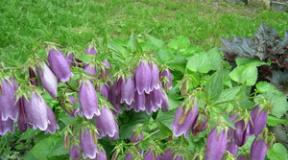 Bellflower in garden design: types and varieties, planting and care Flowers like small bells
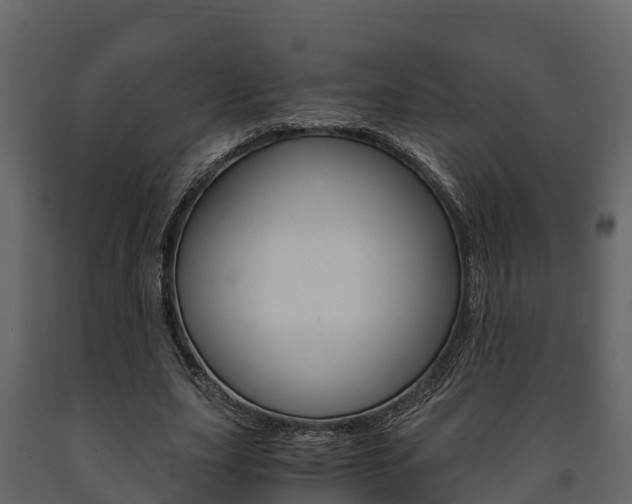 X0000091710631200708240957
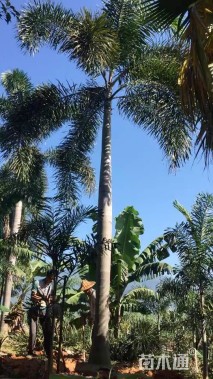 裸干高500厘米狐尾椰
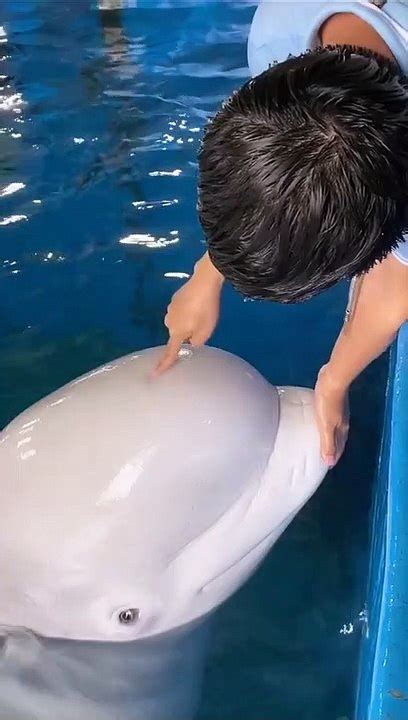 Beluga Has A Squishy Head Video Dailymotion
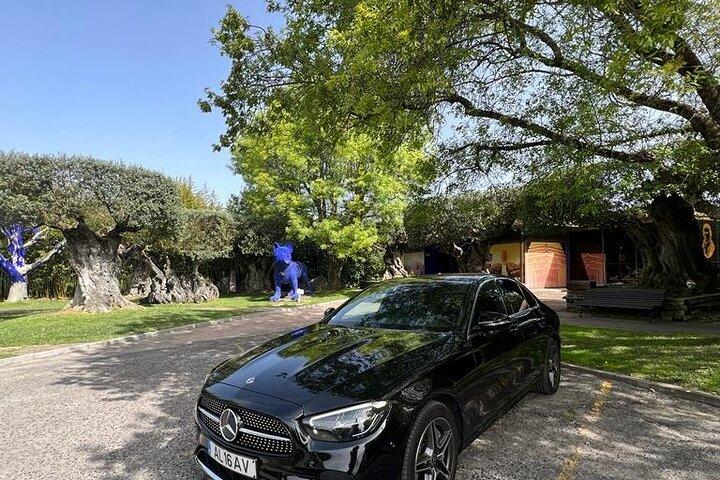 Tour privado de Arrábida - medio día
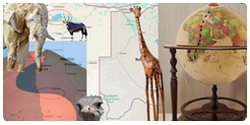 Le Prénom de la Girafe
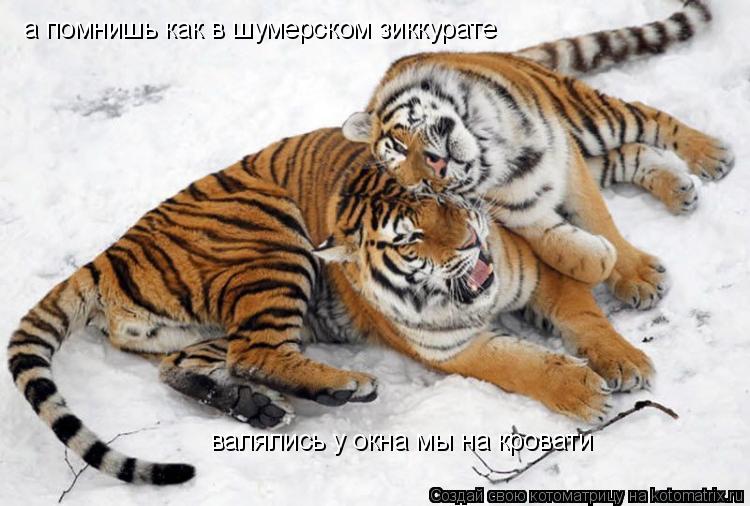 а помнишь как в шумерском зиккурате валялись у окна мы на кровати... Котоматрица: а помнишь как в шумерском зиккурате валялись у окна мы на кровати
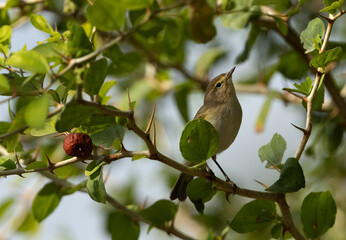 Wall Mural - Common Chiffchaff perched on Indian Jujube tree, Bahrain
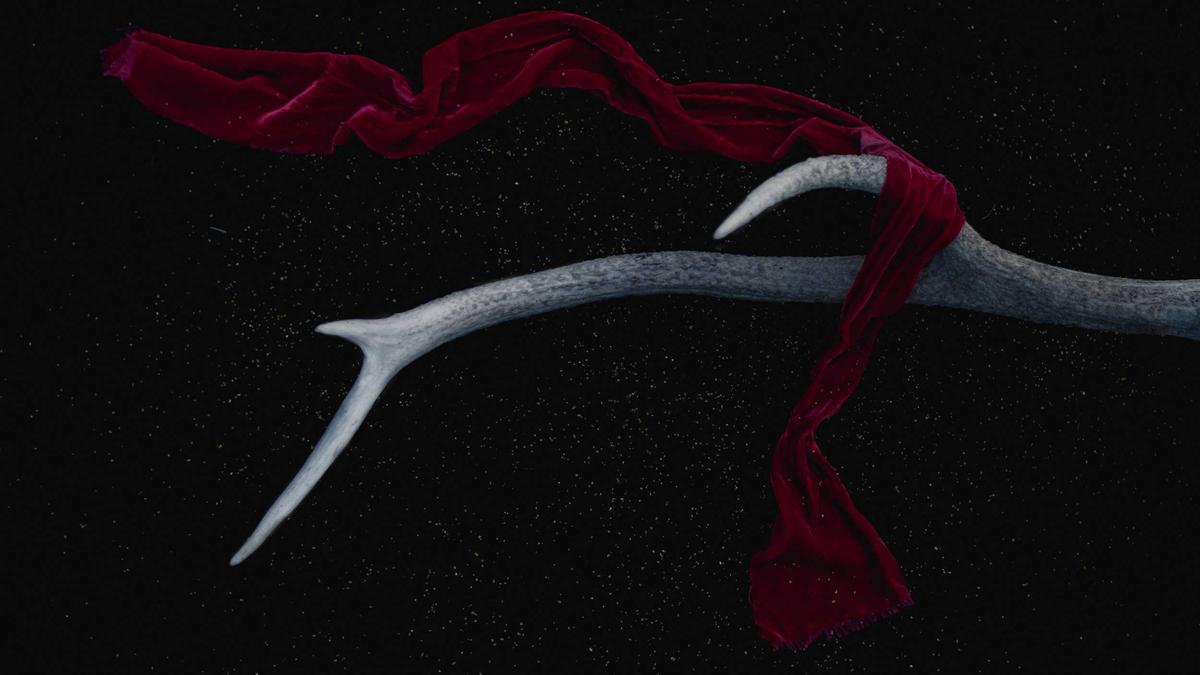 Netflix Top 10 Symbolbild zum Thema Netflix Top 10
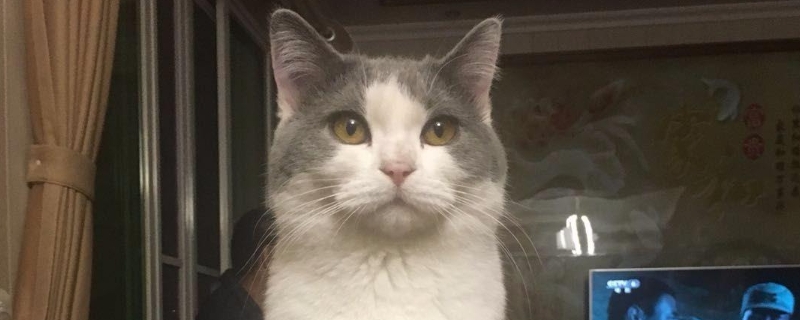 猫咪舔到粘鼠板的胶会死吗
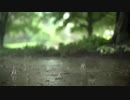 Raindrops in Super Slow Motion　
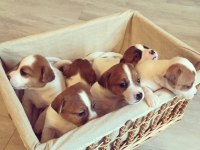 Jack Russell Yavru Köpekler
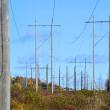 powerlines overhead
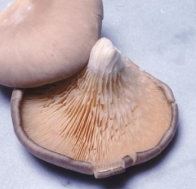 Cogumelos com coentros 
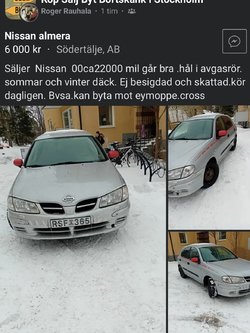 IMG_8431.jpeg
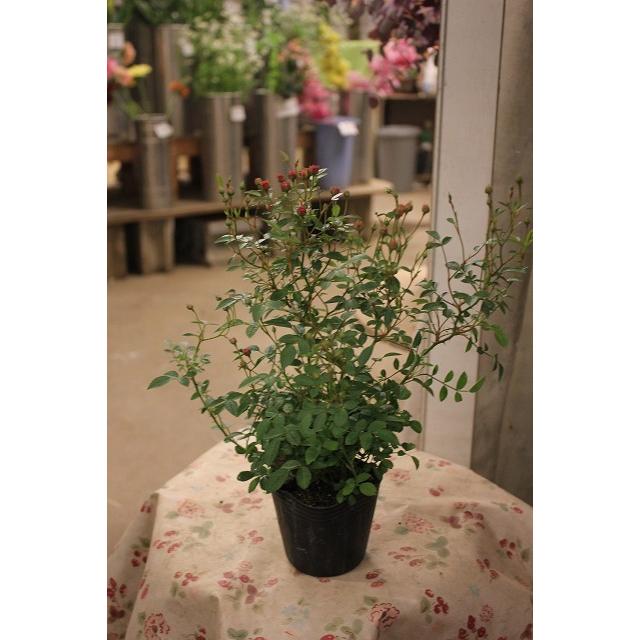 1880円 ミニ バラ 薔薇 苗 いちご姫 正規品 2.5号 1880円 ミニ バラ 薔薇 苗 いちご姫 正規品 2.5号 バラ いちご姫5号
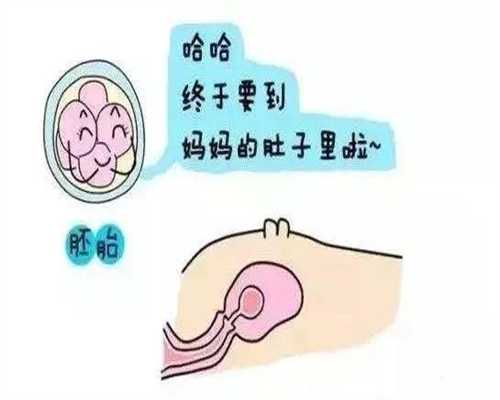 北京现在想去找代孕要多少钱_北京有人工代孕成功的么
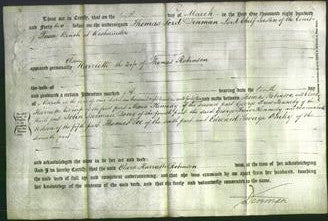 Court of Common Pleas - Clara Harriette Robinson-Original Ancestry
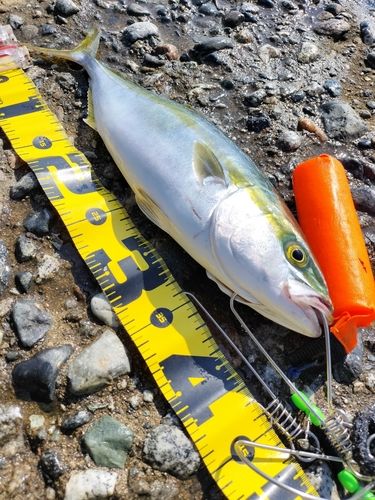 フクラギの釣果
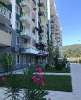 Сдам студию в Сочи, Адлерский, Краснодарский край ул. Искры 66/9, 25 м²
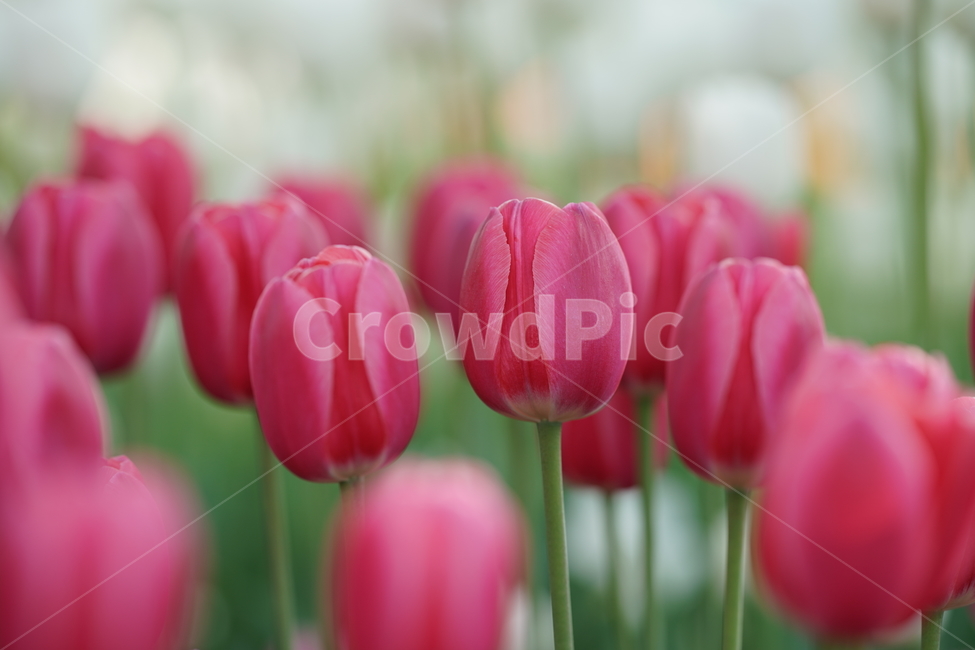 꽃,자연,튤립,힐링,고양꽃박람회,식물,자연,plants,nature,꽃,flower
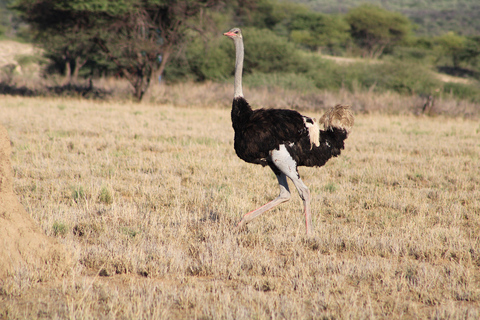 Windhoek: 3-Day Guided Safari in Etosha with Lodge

## Exercise
Output everything in the records above word for word, but not the pictures.

## Exercise output
 Bellflower in garden design: types and varieties, planting and care Flowers like small bells
 X0000091710631200708240957
 裸干高500厘米狐尾椰
 Beluga Has A Squishy Head Video Dailymotion
 Tour privado de Arrábida - medio día
 Le Prénom de la Girafe
 а помнишь как в шумерском зиккурате валялись у окна мы на кровати... Котоматрица: а помнишь как в шумерском зиккурате валялись у окна мы на кровати
 Wall Mural - Common Chiffchaff perched on Indian Jujube tree, Bahrain
 Netflix Top 10 Symbolbild zum Thema Netflix Top 10
 猫咪舔到粘鼠板的胶会死吗
 Raindrops in Super Slow Motion　
 Jack Russell Yavru Köpekler
 powerlines overhead
 Cogumelos com coentros 
 IMG_8431.jpeg
 1880円 ミニ バラ 薔薇 苗 いちご姫 正規品 2.5号 1880円 ミニ バラ 薔薇 苗 いちご姫 正規品 2.5号 バラ いちご姫5号
 北京现在想去找代孕要多少钱_北京有人工代孕成功的么
 Court of Common Pleas - Clara Harriette Robinson-Original Ancestry
 フクラギの釣果
 Сдам студию в Сочи, Адлерский, Краснодарский край ул. Искры 66/9, 25 м²
 꽃,자연,튤립,힐링,고양꽃박람회,식물,자연,plants,nature,꽃,flower
 Windhoek: 3-Day Guided Safari in Etosha with Lodge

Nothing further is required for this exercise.